» **Required action**:
Please copy the data exactly as it stands, minus the images.

» **Data**:

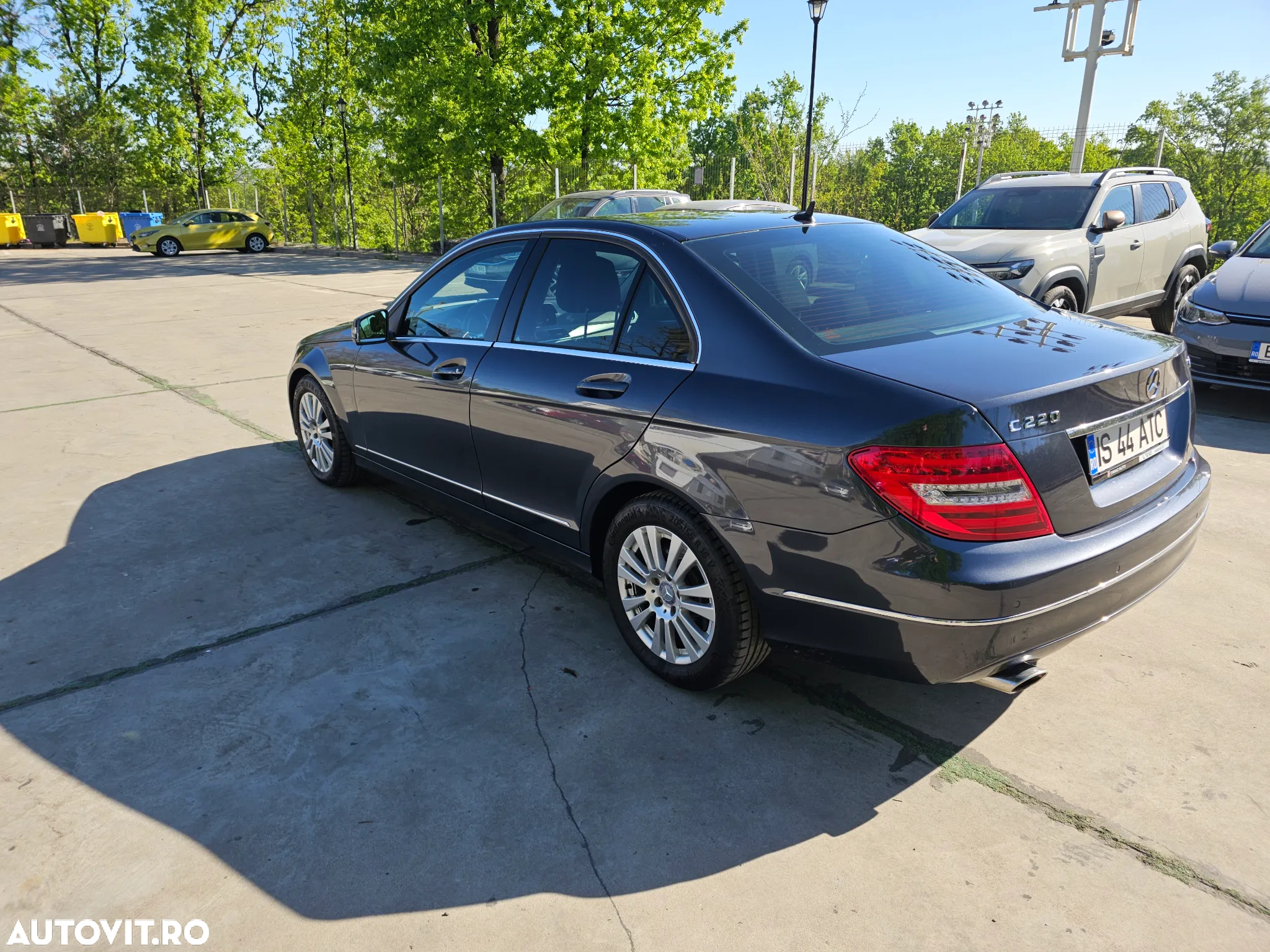 Mercedes-Benz C - 4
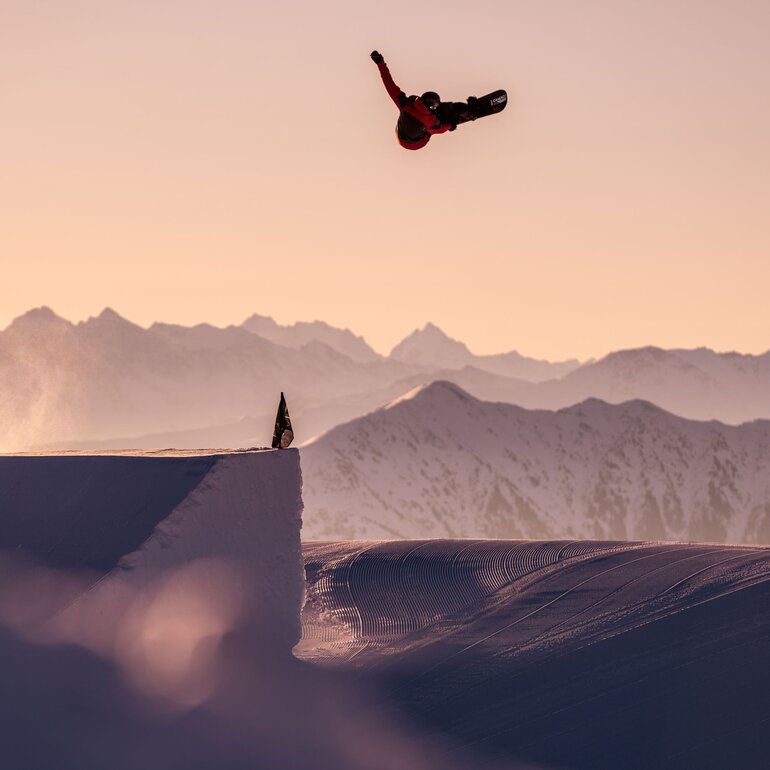 Freestyle-Performance bei Sonnenuntergang  | © Davos Klosters Mountains 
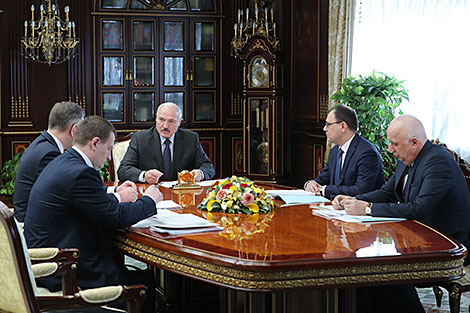 Lukashenko in favor of stimulating electricity consumption in households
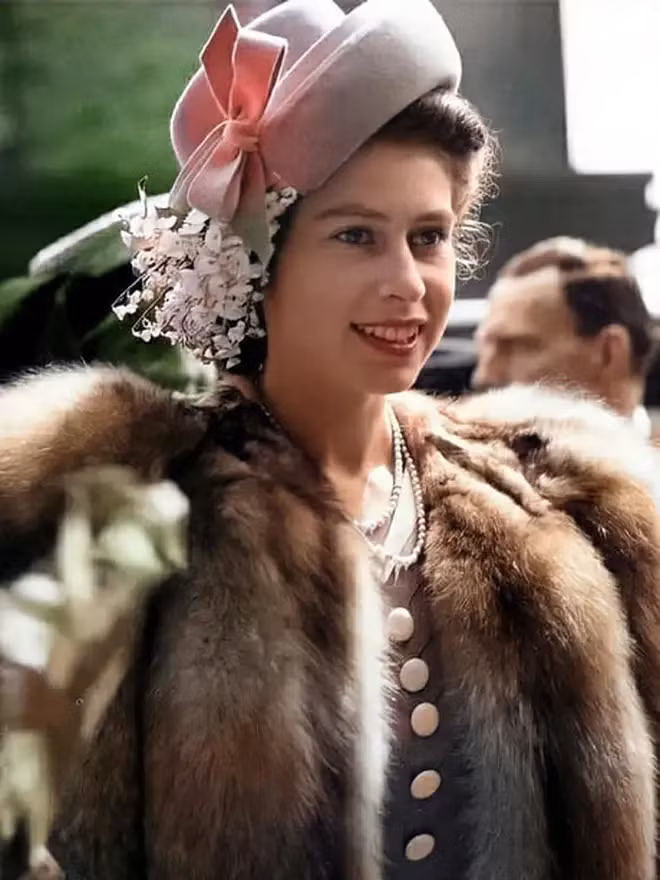 Cha của bà lên ngôi Quốc vương vào năm 1936 sau khi người bác ruột của bà là Quốc vương Edward VIII thoái vị, khiến Elizabeth trở thành người kế vị ngai vàng, gánh trên vai vận mệnh của hoàng tộc.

» **Solution**:
 Mercedes-Benz C - 4
 Freestyle-Performance bei Sonnenuntergang  | © Davos Klosters Mountains 
 Lukashenko in favor of stimulating electricity consumption in households
 Cha của bà lên ngôi Quốc vương vào năm 1936 sau khi người bác ruột của bà là Quốc vương Edward VIII thoái vị, khiến Elizabeth trở thành người kế vị ngai vàng, gánh trên vai vận mệnh của hoàng tộc.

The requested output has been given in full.